A total of seven studies examined the prevalence of anxiety in patients with rosacea (Fig. 3a, Table 2). The pooled random-effects prevalence of any anxiety was 15.6% (95% CI 11.8–19.3%). Heterogeneity across studies was evident (I² = 99.5%, P < 0.01). A further subgroup analysis revealed that the prevalence of anxiety was 12.1% (95% CI 9.6–14.7%) in the general populations, whereas in hospital-based populations, the prevalence was 19.2% (95% CI 9.9–28.6%). When stratified by different methods to assess anxiety, the prevalence of anxiety in patients determined using screening questionnaires was 22.7% (95% CI 12.9–32.5%), and the prevalence of anxoius patients when measuring outcomes by ICD codes was 10.2% (95% CI 5.2–15.3%); these parameters were significantly different (P = 0.03). All rosacea patients in the seven studies were diagnosed by physicians or on the basis of ICD codes; therefore, no relevant subgroups analyses were performed. Three studies were conducted in Asia, and the overall prevalence was 13.4% (95% CI 8.5–18.3%); three were conducted in Europe, with a pooled prevalence of 24.4% (95% CI 11.1–37.8%). Only one study reported the anxiety percentage of rosacea patients in North America: 6.5% (95% CI 6.2–6.8%). In addition, the percentage of women (CV − 0.41, adj. R² = 7.38%, τ² = 0.008, P = 0.28), mean age (CV − 0.003, adj. R² = − 14.53%, τ² = 0.005, P = 0.56) and NOS scores (CV 0.03, adj. R² = 19.99%, τ² = 0.0027, P = 0.22) did not moderate the rate of anxiety in rosacea patients.

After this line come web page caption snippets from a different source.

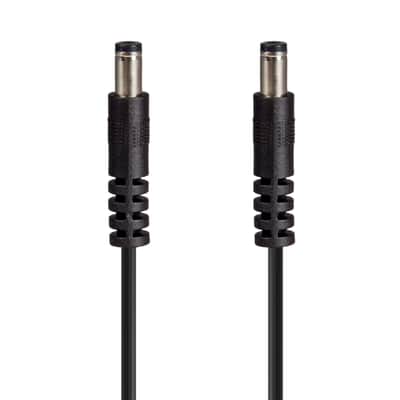 Power-All CABLE - MALE-TO-MALE EXTENSION image 3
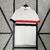 Camisa São paulo 2024/2025 - Torcedor - comprar online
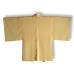 HAORI HOMME 008-85 (L)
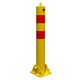 FoldingBollard900mm
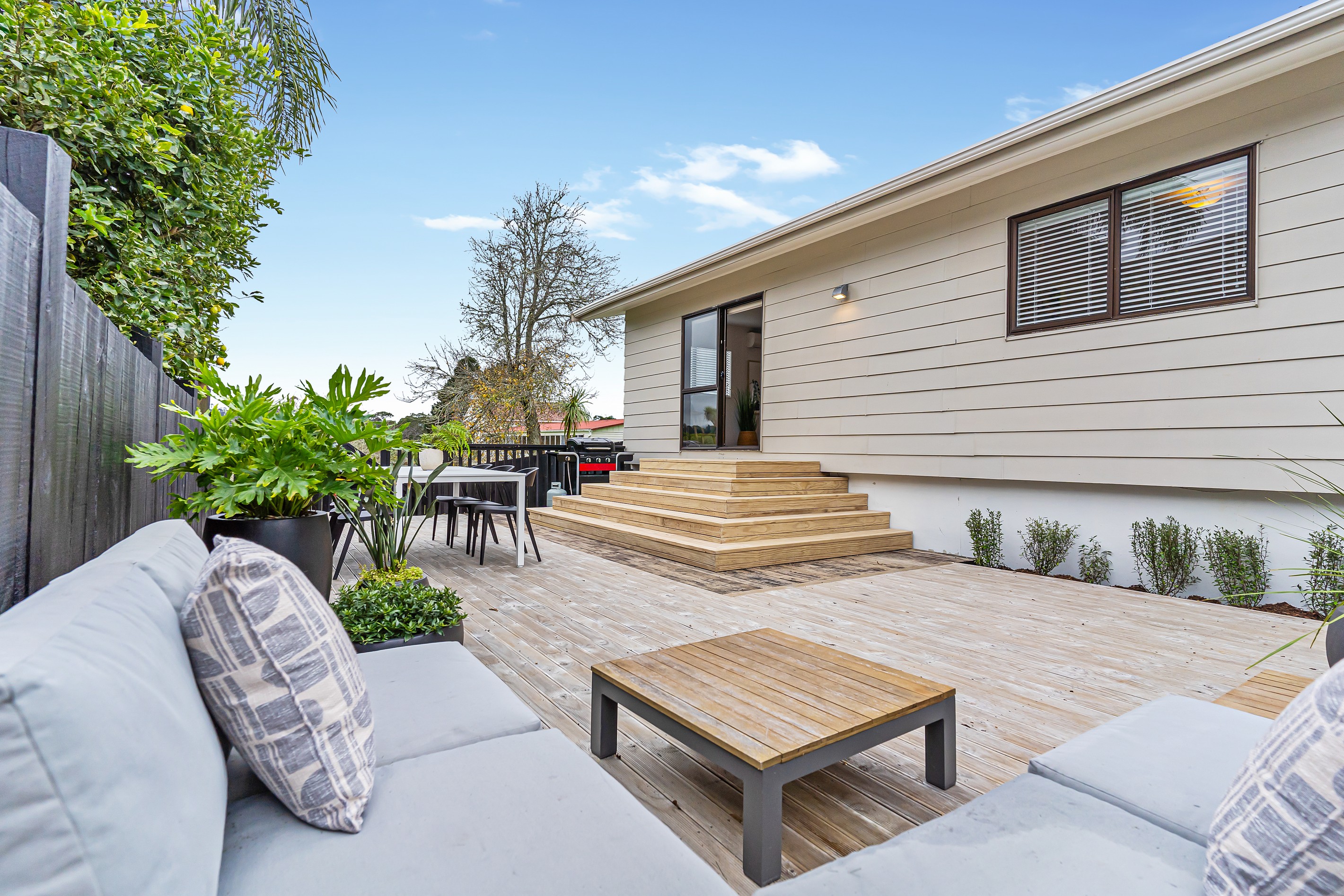 92a Beach Haven Road, Beach Haven, North Shore City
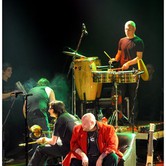 Leningrad 2009-01-17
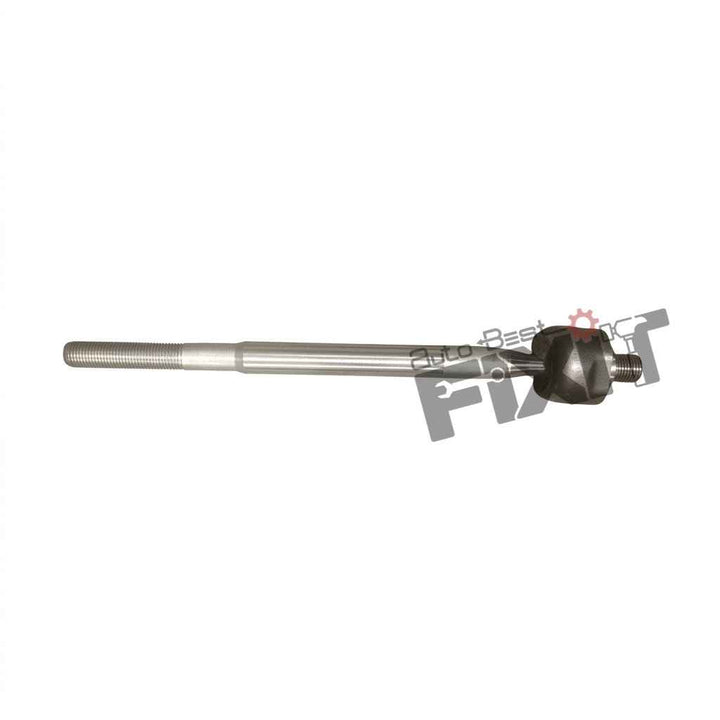 Mahindra Genio Dc INNER TIE ROD-GENIO 2011-2016/QUANTO 2012-2016/XYLO | 2012-2016 | SMIC Autoparts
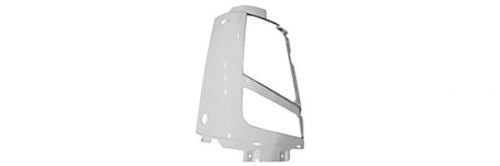 Cornice Faro Destra Volvo Fh3 Oe 82076266 - 21478755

Patients with rosacea were significantly more likely to have anxiety (6 out of 7 studies) with a pooled OR of 2.31 (95% CI 1.56–3.44; Fig. 3b). When recalculating the pooled estimate by omitting one study each time, the sensitivity analysis showed that the ORs for anxiety remained significant, which indicated that the summary estimates were sufficiently robust to exclude studies with different assessment criteria (ESM Fig. S1b).